From 1876 until his death, he worked for the Office of the Supervising Architect in the Treasury Department. There is more in Groce and Wallace, "The New-York Historical Society's Dictionary of Artists in America 1564-1860". This book answers many basic questions about U.S. die sinkers and engravers in the period before 1860.
The late Bob Lindesmith recommended this source book to me many years ago, when we were writing articles about token and medal engravers and die sinkers. I have used it in numismatic research many times. You should be able to find it in most public or college libraries.
Dick Johnson writes:
Cornelius Vermeule must have seen the same document Dave Bowers mentioned in his A.N.A. Centennial History. Vermeule mentions Bruff on page 51 in his Numismatic Art in America.
Joseph Goldsborough Bruff was one of the most difficult artists on which to obtain any sustentative biographical data. Even Joseph Florimond Loubat, with the vast resources he must have had at his disposal to compile his magnificent 2-volume masterpiece, The Medallic History of the United States, 1776-1876, had only 3 lines on Bruff! Loubat cast a very wide net. He did not capture much on Bruff.
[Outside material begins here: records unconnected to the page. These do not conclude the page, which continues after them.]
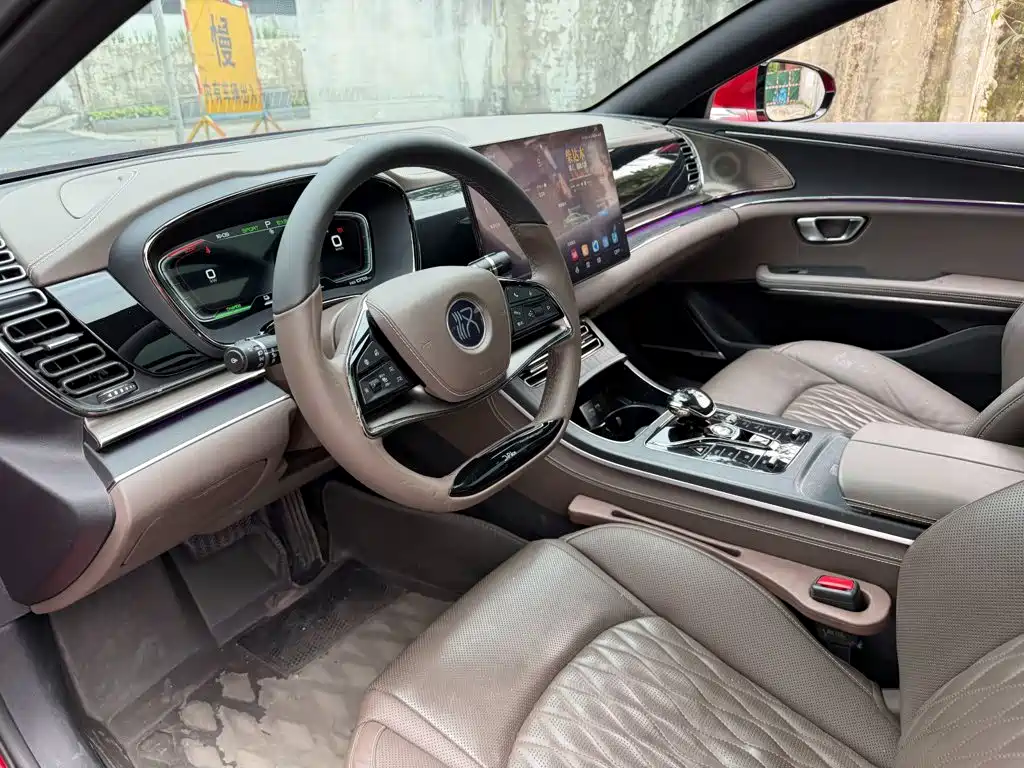BYD Han — миниатюра 7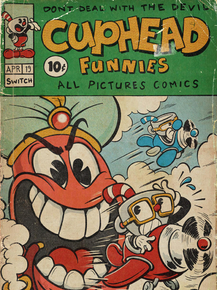 Cuphead - Funnies (Коллекция постеров №1)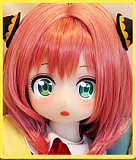 凹凸咪 aotume（アニメドール）135cm AAカップ(Fat) #123ヘッド 幼贞德 等身大 リアルラブドール
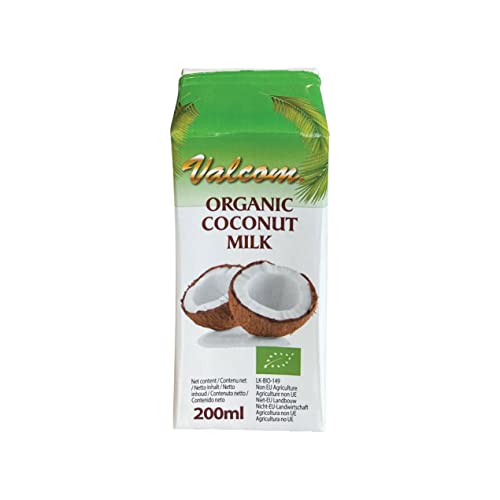 Valcom Organic Coconut Milk 12x200 ml von Valcom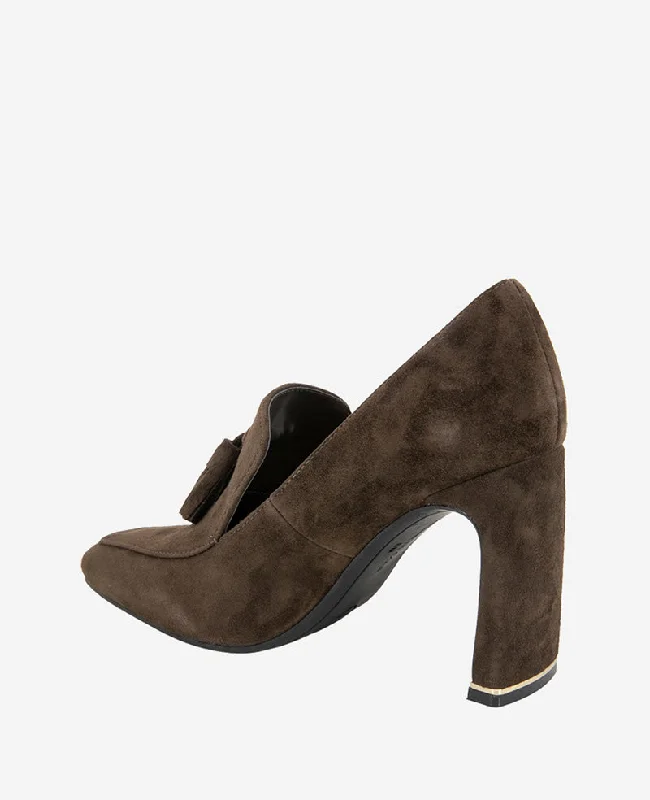 Nova Suede Heel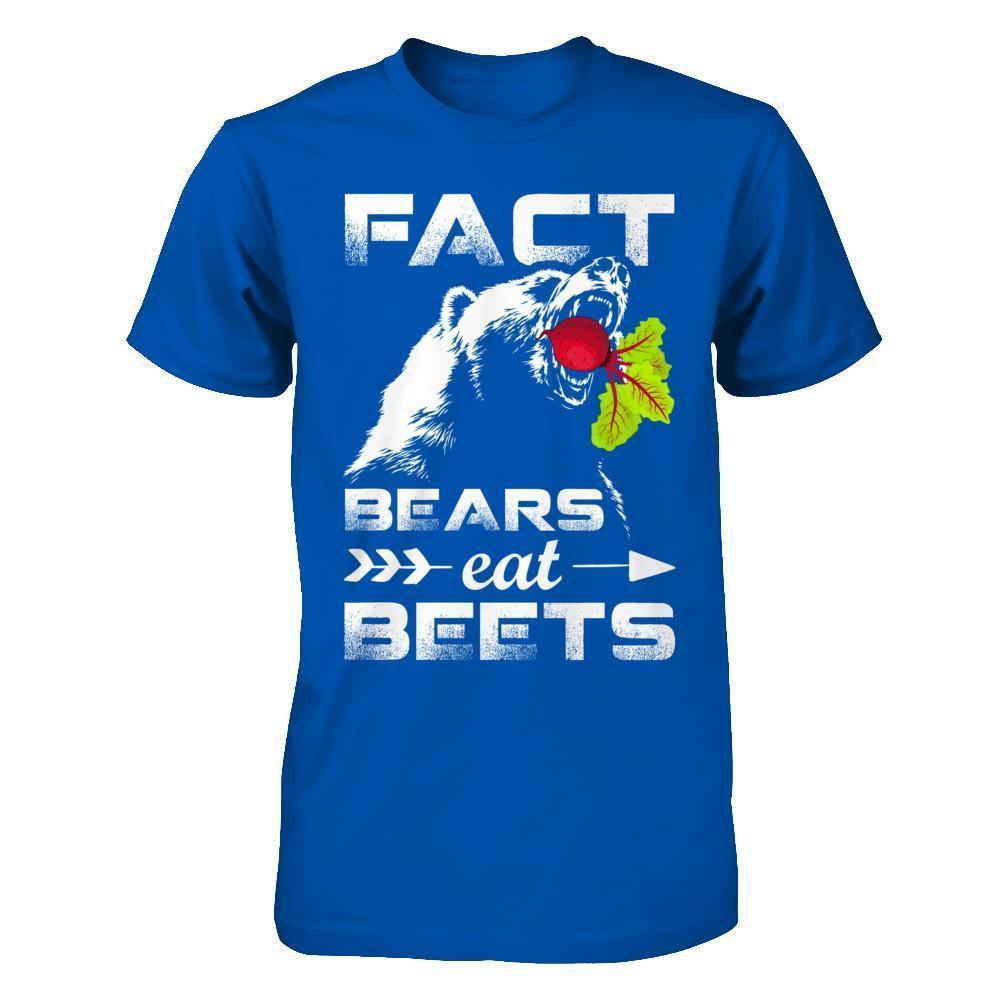 Fact Bears Eat Beets-T-Shirt & Hoodie-Premium T-Shirt-Royal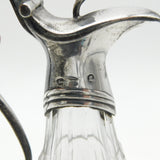 George III Sterling Silver Cruet Sauce Service 1769 London Antique Crested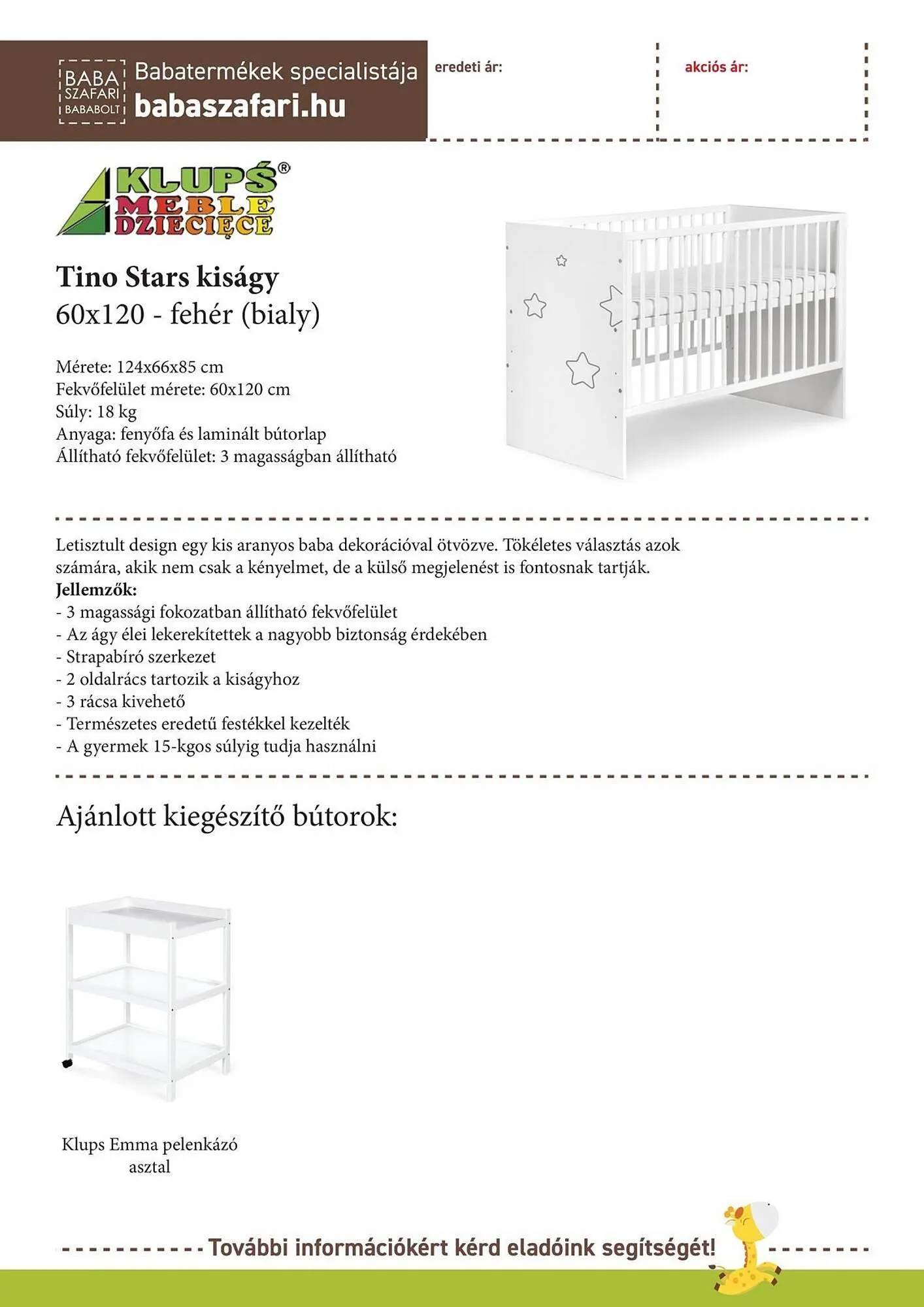 Katalógus Babaszafari akciós újság május 20.-tól szeptember 23.-ig 2025. - Oldal 19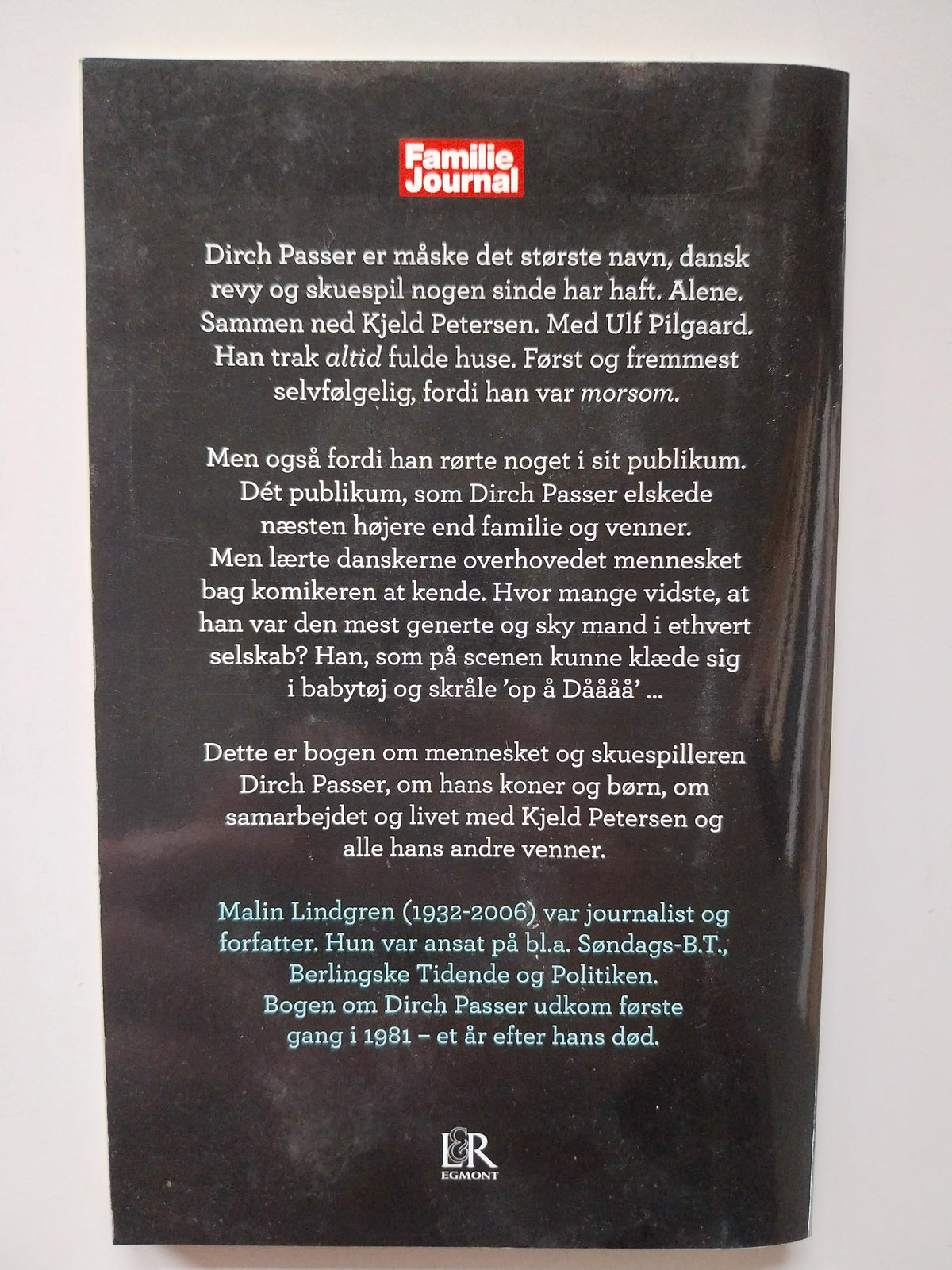 Malin Lindgren - Kære Dirch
Bruff designed only one medal -- the 1868 Cyrus West Field Medallion, Julian PE-10, Loubat 77 (also Storer, Massachusetts, 1924). There was one of these medals in the David Dreyfus auction April 12, 1986, by Bowers & Merena and Presidential Coin & Antique. I sold one in a CAL auction, and Joe Levine has sold at least two more in his auction sales (I have not recorded all his auction sales in my databank yet, there may be more).
Below is a part of the entry on Bruff from my databank on American Coin and Medal Artists. Incidentally, I have made the decision to place this on the Internet for all to access instead of publishing this in a hardback book. I hope to accomplish this in 2010.
BRUFF, Joseph Goldsborough (1804-1889) American amateur artist, topographical draftsman; as employee of Treasury Department he designed one medal.
Born Washington, DC, 2 October 1804.
Vermeule stated Bruff prepared sketches for an eagle intended for a U.S. coin; the design pleased chief engraver James Longacre who preserved the sketches and may have influenced his design of the 1849 U.S. double eagle but he is not credited for this.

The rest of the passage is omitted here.